Start of Block

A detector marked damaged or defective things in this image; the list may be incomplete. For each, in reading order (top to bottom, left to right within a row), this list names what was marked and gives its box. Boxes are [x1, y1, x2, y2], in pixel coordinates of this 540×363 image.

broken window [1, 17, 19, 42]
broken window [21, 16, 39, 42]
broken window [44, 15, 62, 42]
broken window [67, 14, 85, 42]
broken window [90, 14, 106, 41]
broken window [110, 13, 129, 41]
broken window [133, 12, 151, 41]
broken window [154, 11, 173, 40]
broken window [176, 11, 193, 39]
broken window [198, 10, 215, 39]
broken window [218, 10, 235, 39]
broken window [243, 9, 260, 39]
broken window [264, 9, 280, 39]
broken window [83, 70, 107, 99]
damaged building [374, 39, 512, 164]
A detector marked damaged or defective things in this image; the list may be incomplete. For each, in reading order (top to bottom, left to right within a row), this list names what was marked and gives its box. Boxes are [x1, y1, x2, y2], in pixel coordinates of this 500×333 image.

End of Block
Start of Block

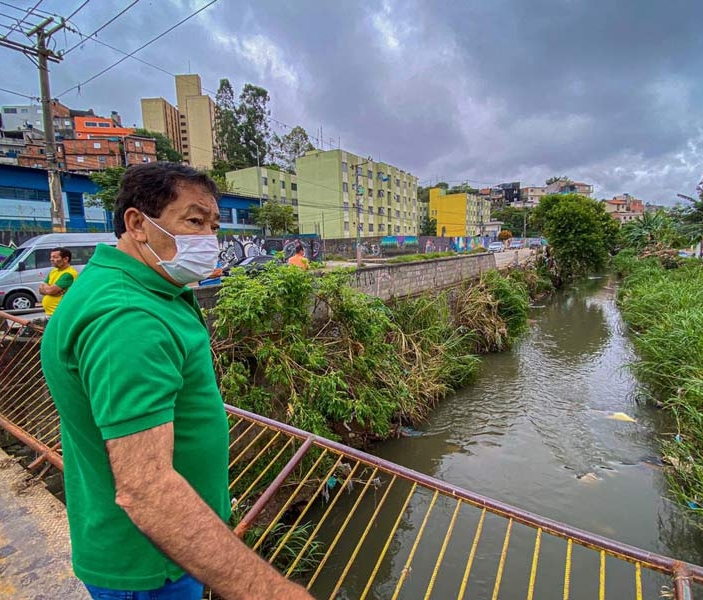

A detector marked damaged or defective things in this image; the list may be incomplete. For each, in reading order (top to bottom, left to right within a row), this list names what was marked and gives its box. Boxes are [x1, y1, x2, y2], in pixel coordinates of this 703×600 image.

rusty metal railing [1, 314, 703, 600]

End of Block

**REQUIRED ACTION**
In the entries above, please find the line with "this 540×363 image." and the line with "this 500×333 image.", then write out exactly those two lines and every line between them, and nothing more.

**TASK RESPONSE**
A detector marked damaged or defective things in this image; the list may be incomplete. For each, in reading order (top to bottom, left to right within a row), this list names what was marked and gives its box. Boxes are [x1, y1, x2, y2], in pixel coordinates of this 540×363 image.

broken window [1, 17, 19, 42]
broken window [21, 16, 39, 42]
broken window [44, 15, 62, 42]
broken window [67, 14, 85, 42]
broken window [90, 14, 106, 41]
broken window [110, 13, 129, 41]
broken window [133, 12, 151, 41]
broken window [154, 11, 173, 40]
broken window [176, 11, 193, 39]
broken window [198, 10, 215, 39]
broken window [218, 10, 235, 39]
broken window [243, 9, 260, 39]
broken window [264, 9, 280, 39]
broken window [83, 70, 107, 99]
damaged building [374, 39, 512, 164]
A detector marked damaged or defective things in this image; the list may be incomplete. For each, in reading order (top to bottom, left to right within a row), this list names what was marked and gives its box. Boxes are [x1, y1, x2, y2], in pixel coordinates of this 500×333 image.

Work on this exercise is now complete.